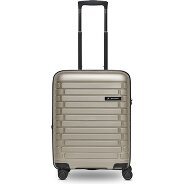 Pactastic Collection 04 THE CABIN + 4 ruote Trolley cabina S 55 cm espandibile Foto del prodotto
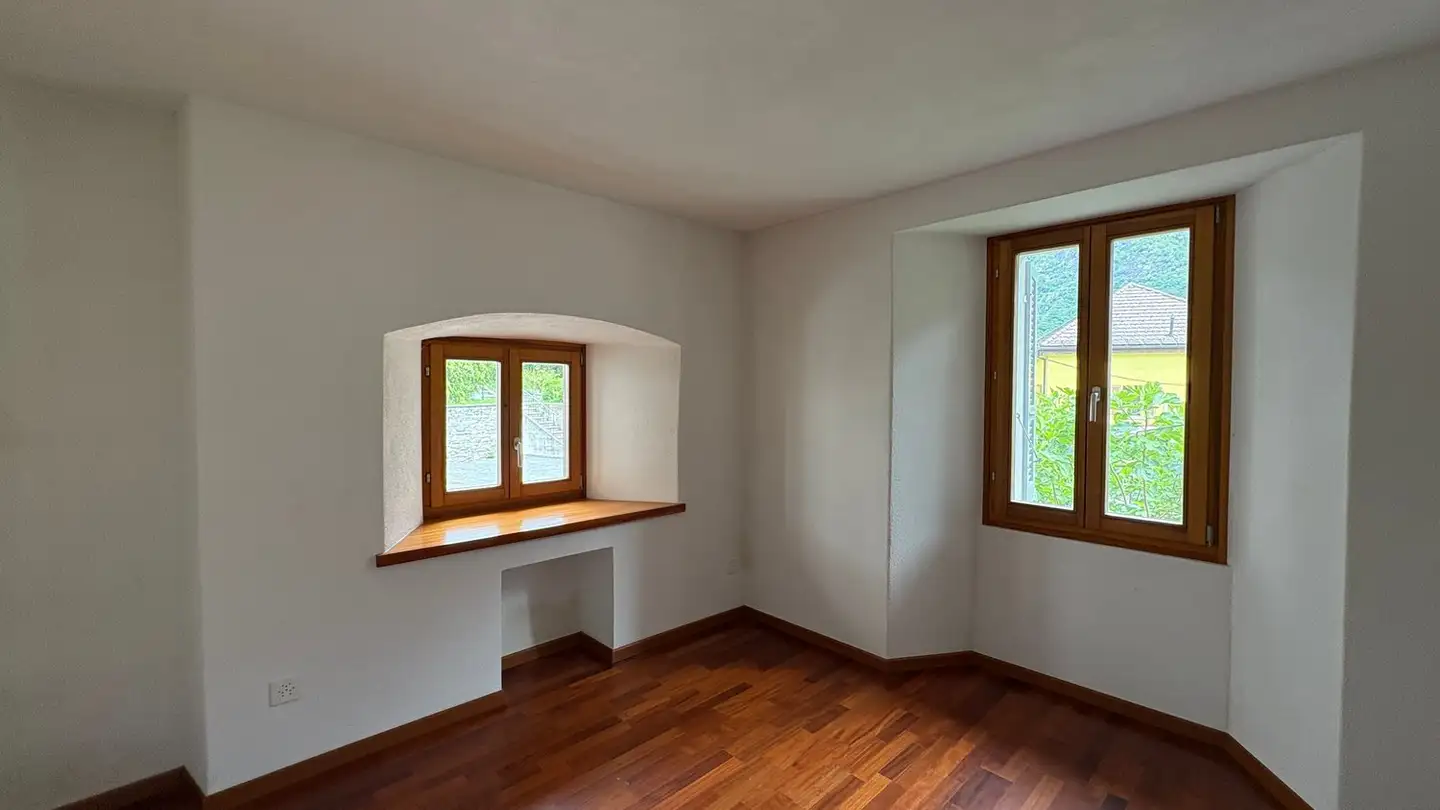 Duplex for rent - Via Ranzo Di Sopra 10, 6537 Grono - Photo 3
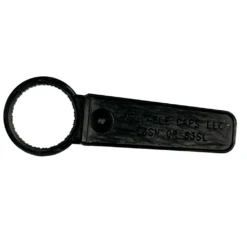 Heavy 16 Wrench, 1 & 2.5 Gallon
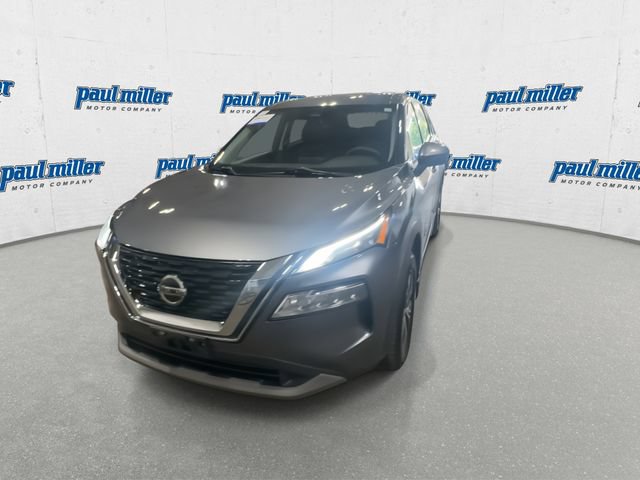 Used 2021 Nissan Rogue SV AWD/4WD image 4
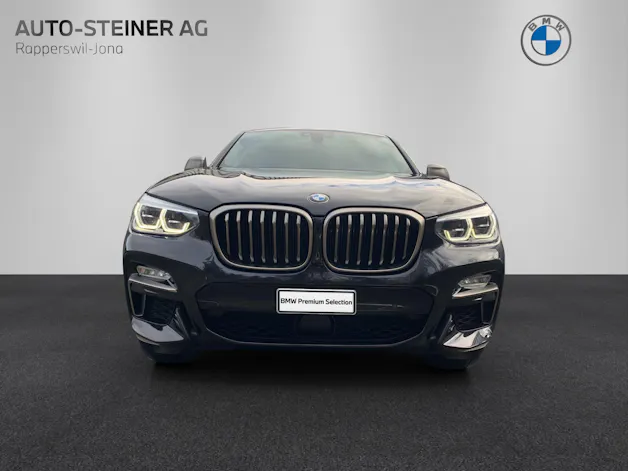 BMW X4 M40i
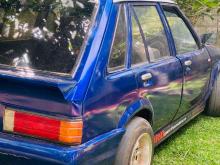 Mazda FORD 1983 Car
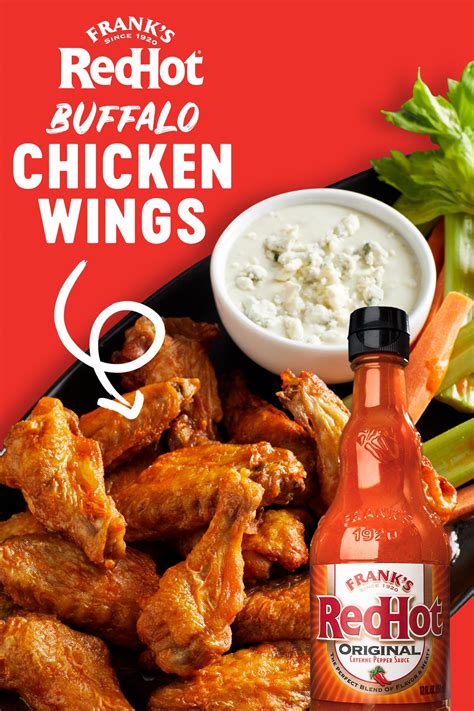 Chicken Wings In The Oven Frank's Hot Sauce at Lisa Griffen blog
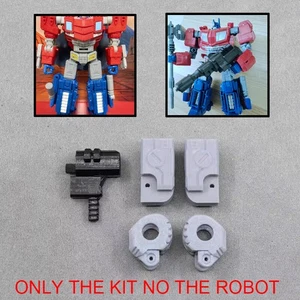 For Legacy SDCC Orion Pax Armada Megatank WFC OP Prime Upgrade Kits - Picture 1 of 24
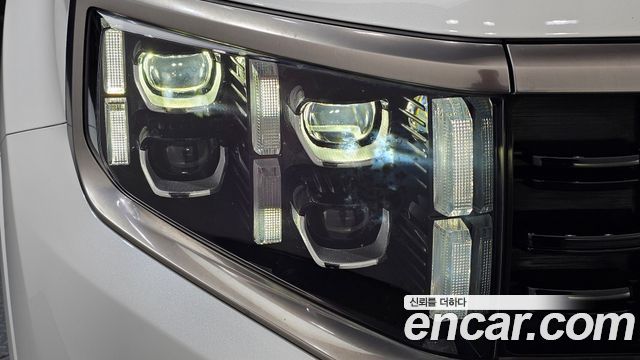 Kia Mohave 2022 — photo 8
#####
Write out all the material above exactly, with no image carried over.

**Answer to the exercise:**
 Pactastic Collection 04 THE CABIN + 4 ruote Trolley cabina S 55 cm espandibile Foto del prodotto
 Duplex for rent - Via Ranzo Di Sopra 10, 6537 Grono - Photo 3
 Heavy 16 Wrench, 1 & 2.5 Gallon
 Used 2021 Nissan Rogue SV AWD/4WD image 4
 BMW X4 M40i
 Mazda FORD 1983 Car
 Chicken Wings In The Oven Frank's Hot Sauce at Lisa Griffen blog
 For Legacy SDCC Orion Pax Armada Megatank WFC OP Prime Upgrade Kits - Picture 1 of 24
 Kia Mohave 2022 — photo 8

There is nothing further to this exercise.